▸ **WHAT YOU ARE ASKED TO DO**
Retype the data that follows line by line, exactly, and leave its pictures out.

▸ **PROVIDED DATA**
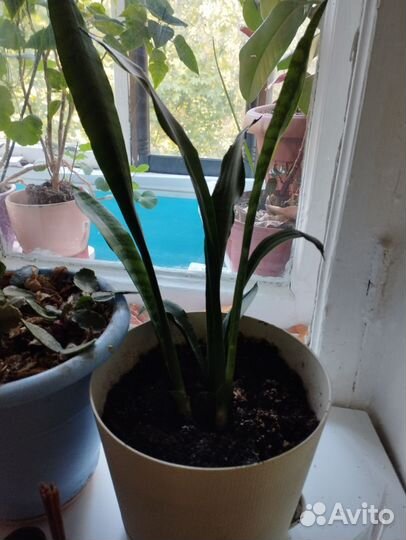 Дендробиум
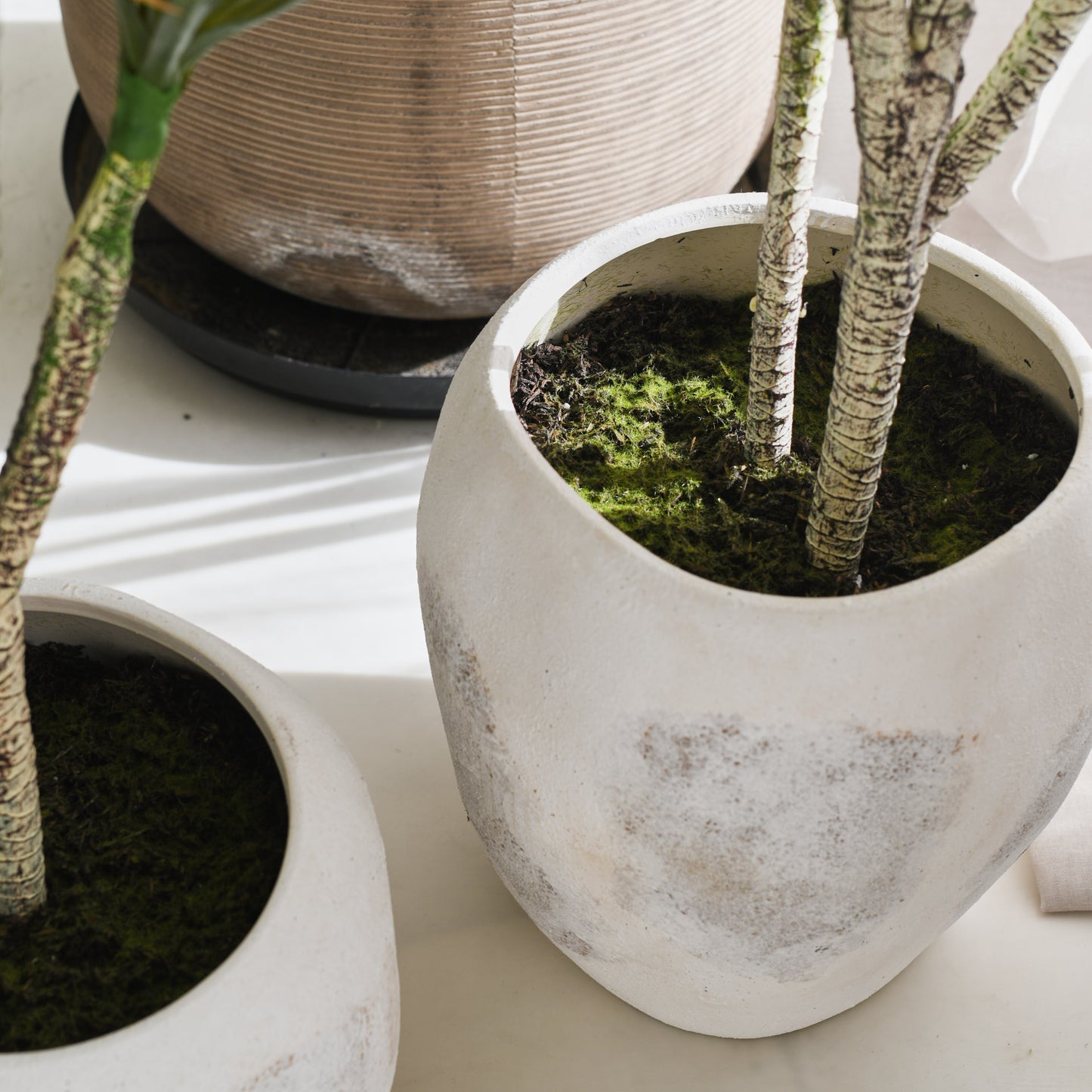 Cooper Yucca Plant and Pot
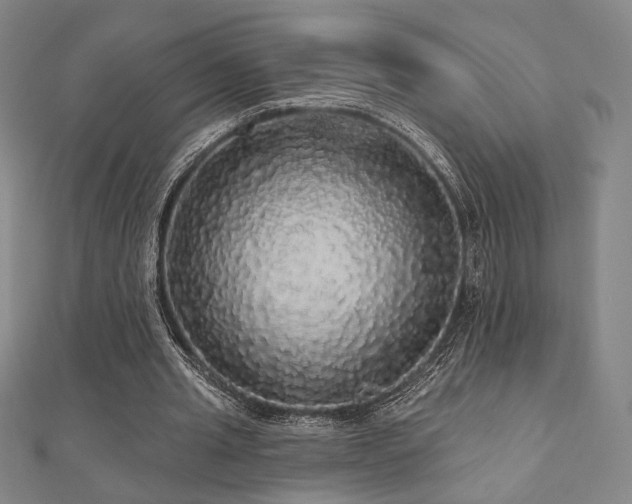 X0000110700437200906121337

▸ **ANSWER BOX**
 Дендробиум
 Cooper Yucca Plant and Pot
 X0000110700437200906121337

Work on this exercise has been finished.